Brief descriptive captions:
——
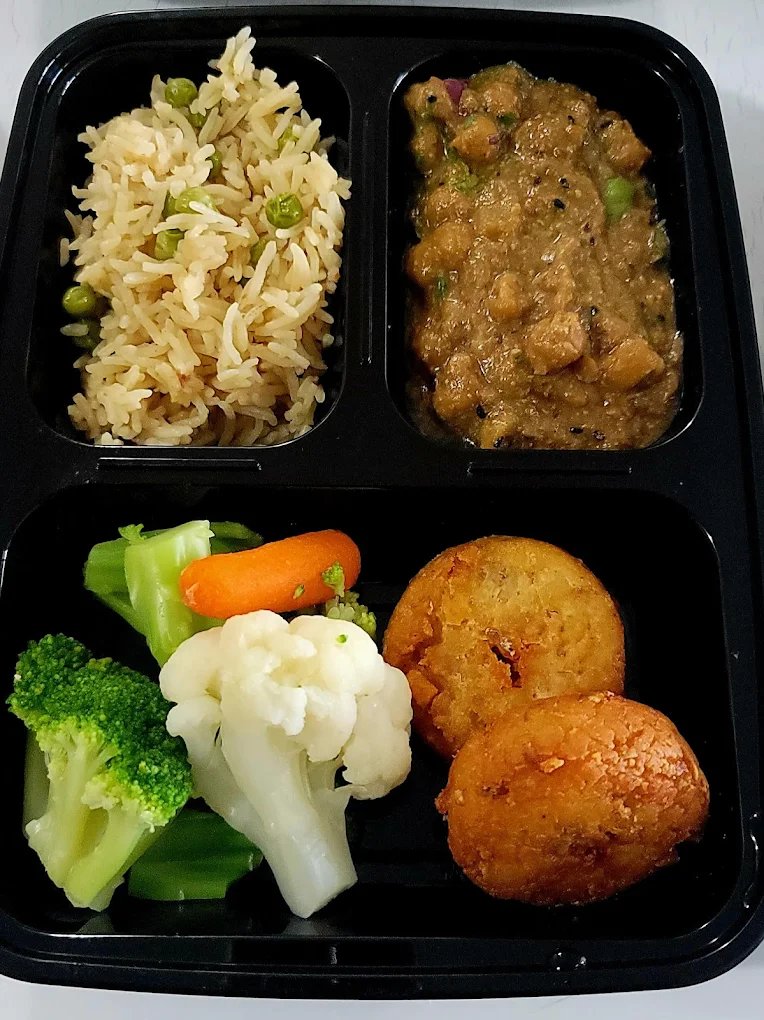 Vegetarian boxed catering meal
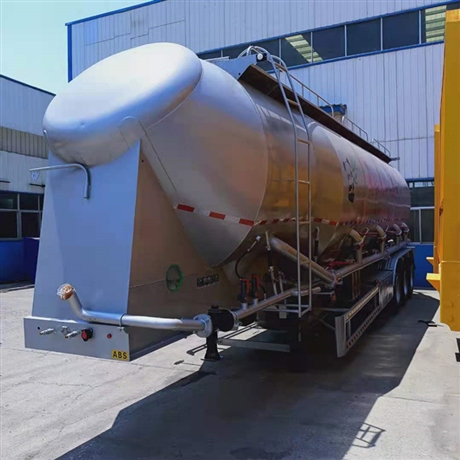 尿素化肥运输槽罐车 48立方罐车5仓设计合理 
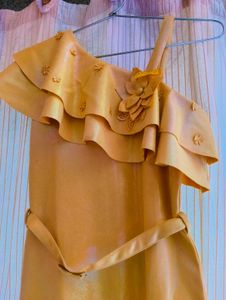 Stylish One-Shoulder Yellow middie dress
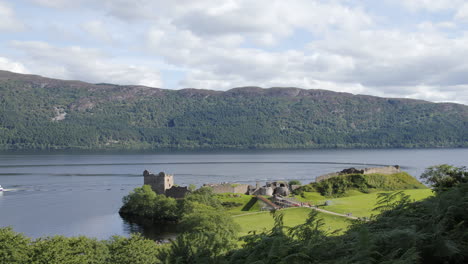 Zeitraffer-Einer-Burgruine-In-Schottland-Inverness-An-Der-Küste-Von-Loch-Lomond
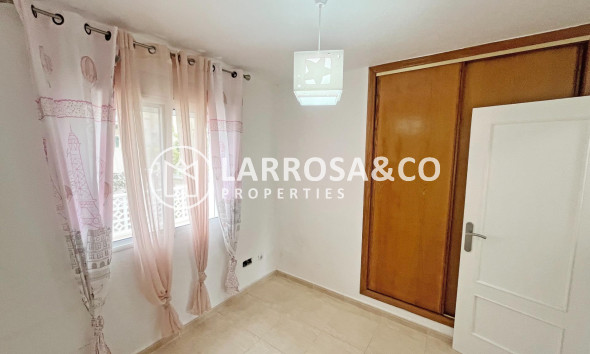 Resale - Bungalow - San Miguel de Salinas - Las Filipinas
——
The lines to retype begin with the one containing "尿素化肥运输槽罐车 48立方罐车5仓设计合理" and end with the last line of the records. Reproduce them exactly and omit the pictures.

Solution below:
 尿素化肥运输槽罐车 48立方罐车5仓设计合理 
 Stylish One-Shoulder Yellow middie dress
 Zeitraffer-Einer-Burgruine-In-Schottland-Inverness-An-Der-Küste-Von-Loch-Lomond
 Resale - Bungalow - San Miguel de Salinas - Las Filipinas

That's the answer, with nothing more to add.